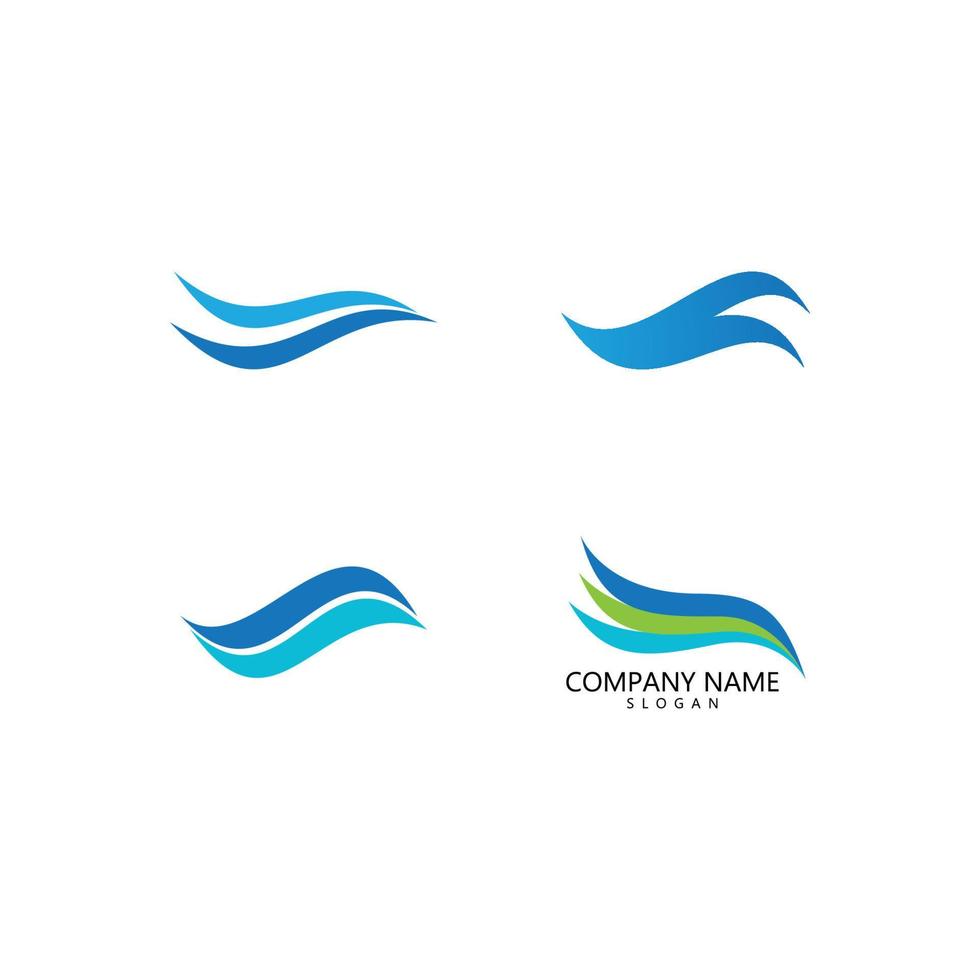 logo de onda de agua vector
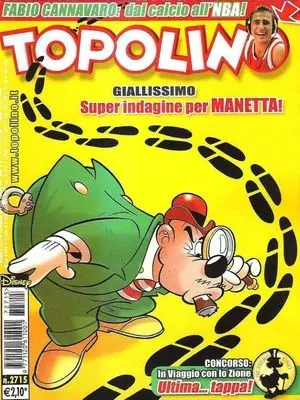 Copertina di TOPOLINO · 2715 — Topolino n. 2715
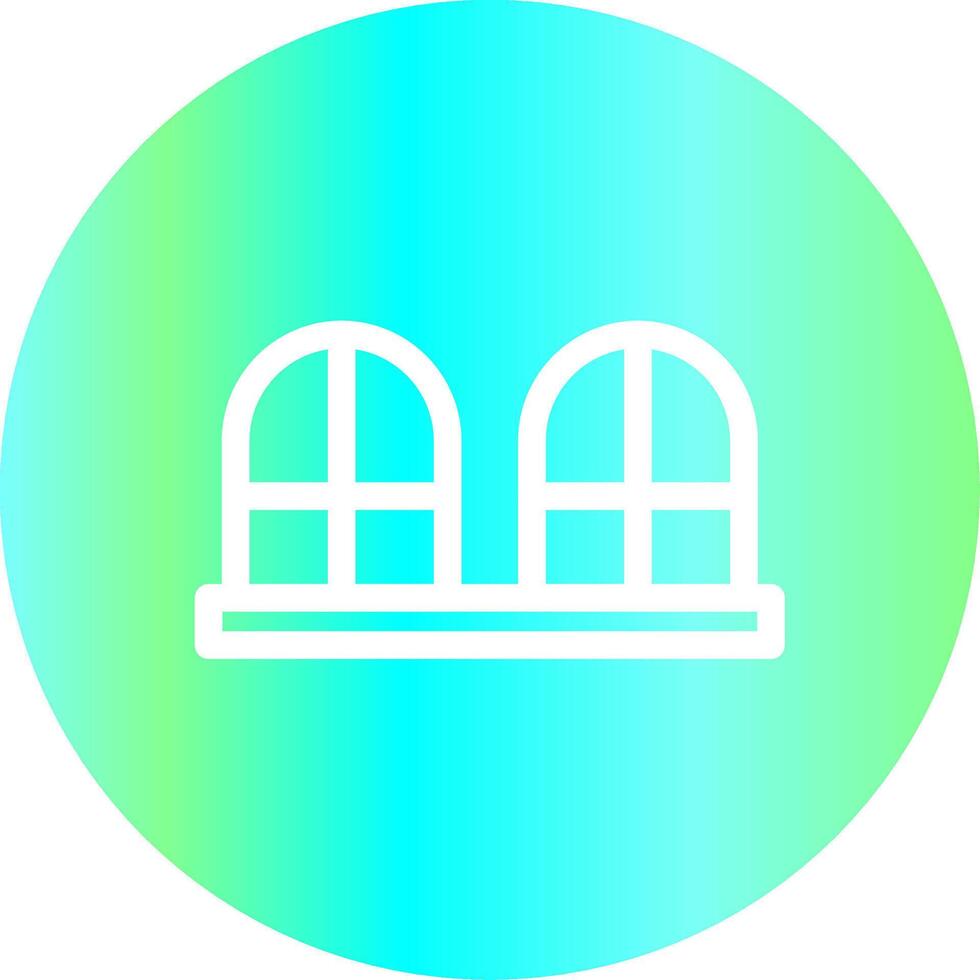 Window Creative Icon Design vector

---

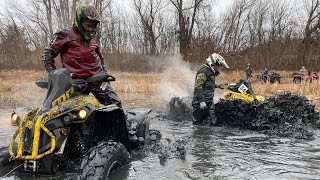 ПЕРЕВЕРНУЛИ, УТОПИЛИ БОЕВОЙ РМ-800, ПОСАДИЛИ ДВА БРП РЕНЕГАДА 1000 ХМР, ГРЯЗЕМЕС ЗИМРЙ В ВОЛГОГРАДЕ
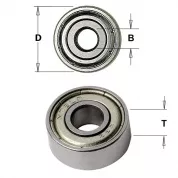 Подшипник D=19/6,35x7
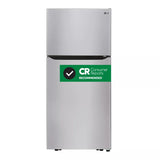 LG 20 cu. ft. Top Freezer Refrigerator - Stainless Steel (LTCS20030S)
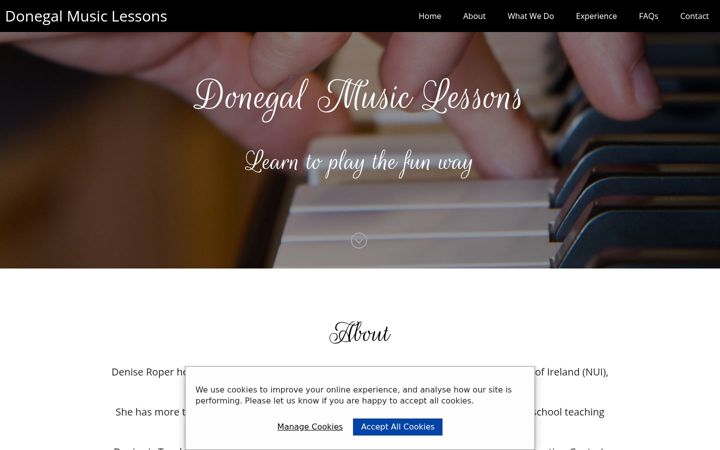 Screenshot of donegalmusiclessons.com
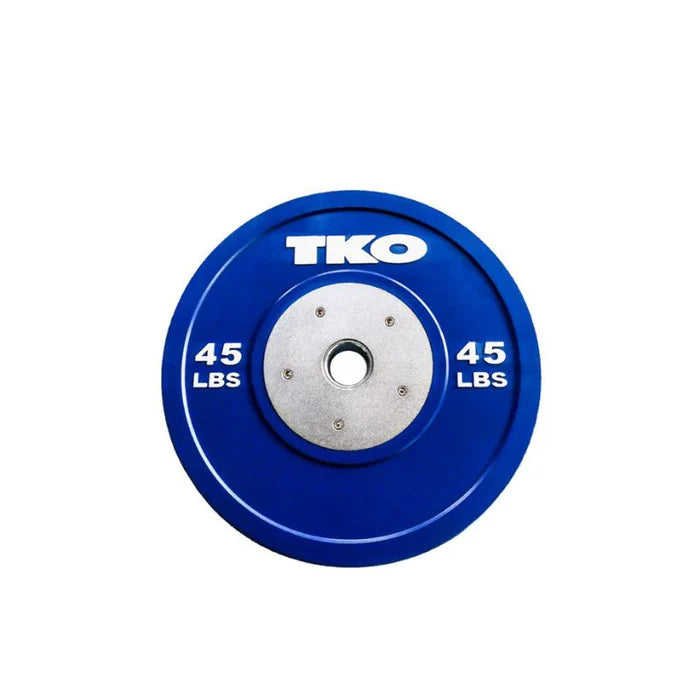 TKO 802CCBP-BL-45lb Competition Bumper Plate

== Work order ==
When you reach the line with "Подшипник D=19/6,35x7" in the records above, start writing out each line exactly, and stop after the line with "TKO 802CCBP-BL-45lb Competition Bumper Plate". Pictures stay out.

== Output ==
 Подшипник D=19/6,35x7
 LG 20 cu. ft. Top Freezer Refrigerator - Stainless Steel (LTCS20030S)
 Screenshot of donegalmusiclessons.com
 TKO 802CCBP-BL-45lb Competition Bumper Plate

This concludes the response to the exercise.